* **Your objective**
Everything from the line that contains "Tutto per tutto Poster" through the last line below should be transcribed exactly, except the pictures.

━━━ Task material

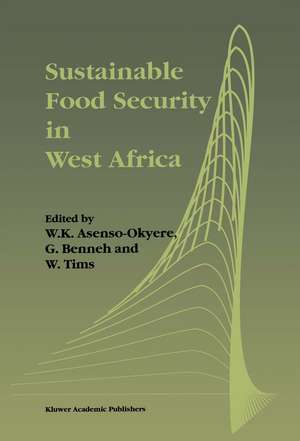 Sustainable Food Security in West Africa de W.K. Asenso-Okyere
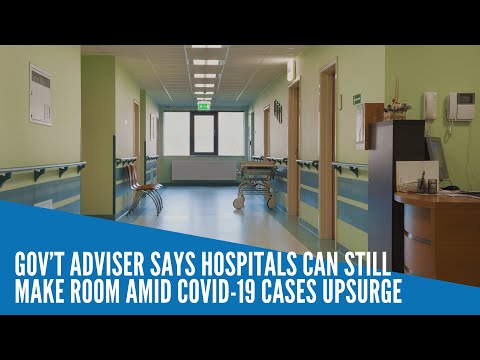 Gov’t adviser says hospitals can still make room amid COVID-19 cases upsurge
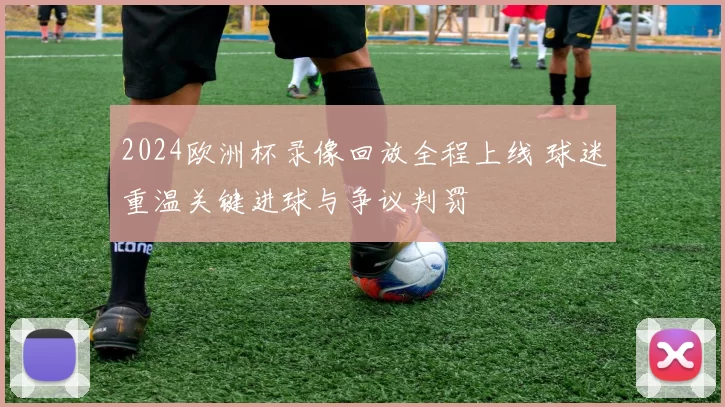 2024欧洲杯录像回放全程上线 球迷重温关键进球与争议判罚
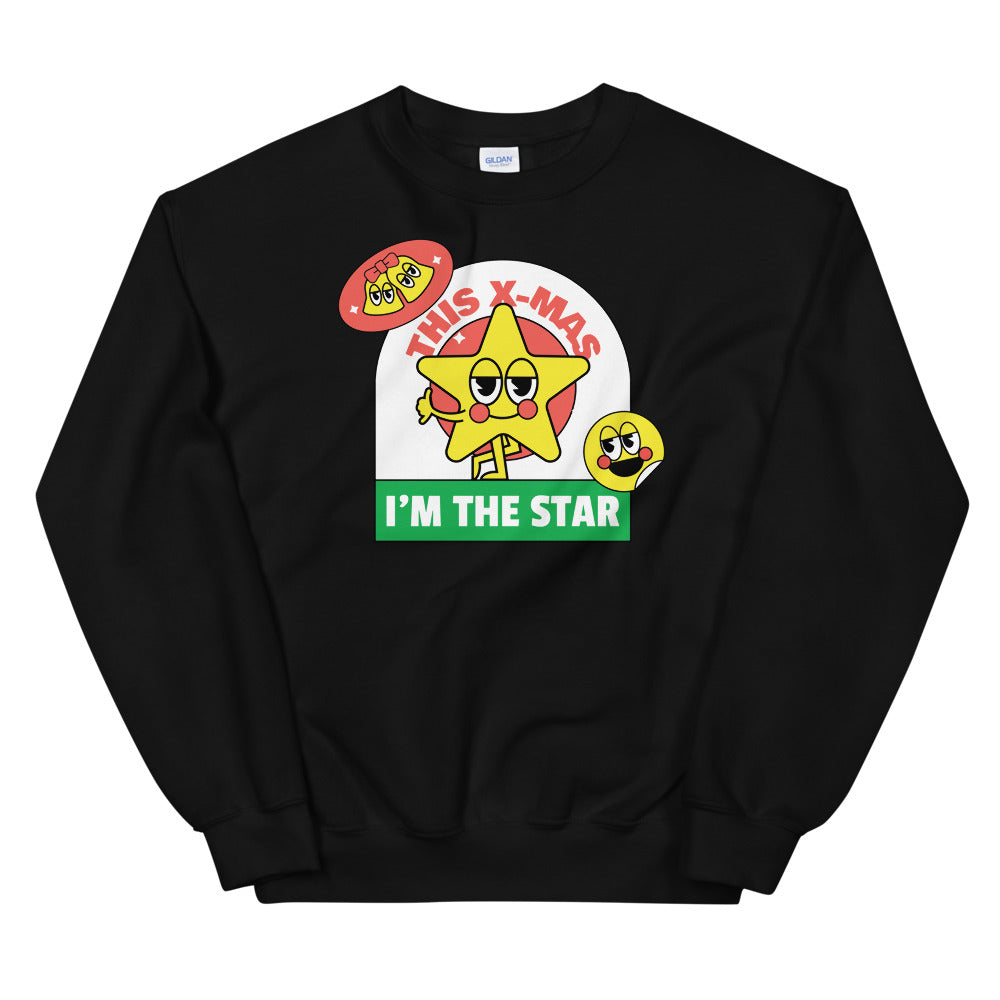 I'm The Star Sweatshirt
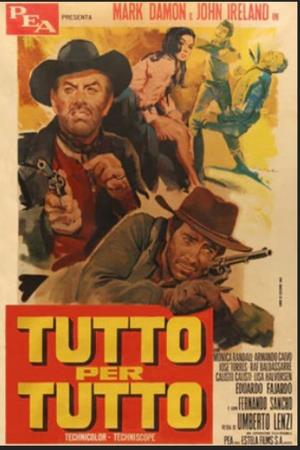 Tutto per tutto Poster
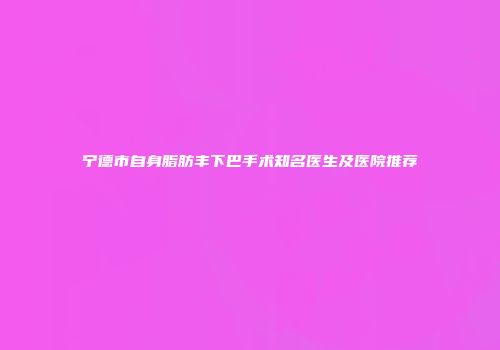 宁德市自身脂肪丰下巴手术知名医生及医院推荐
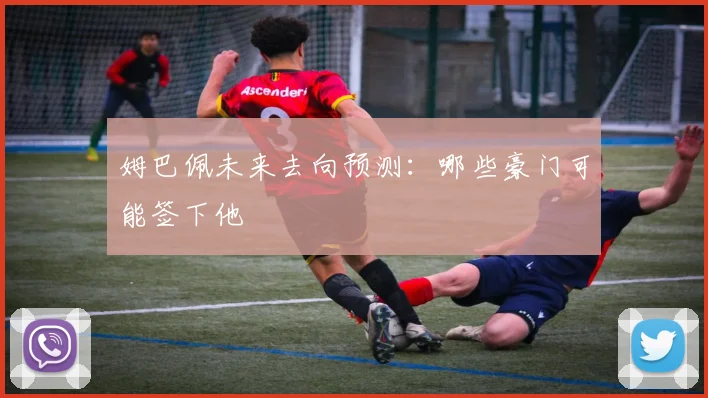 姆巴佩未来去向预测:哪些豪门可能签下他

━━━━━━

* **Solution to this problem**
 Tutto per tutto Poster
 宁德市自身脂肪丰下巴手术知名医生及医院推荐
 姆巴佩未来去向预测:哪些豪门可能签下他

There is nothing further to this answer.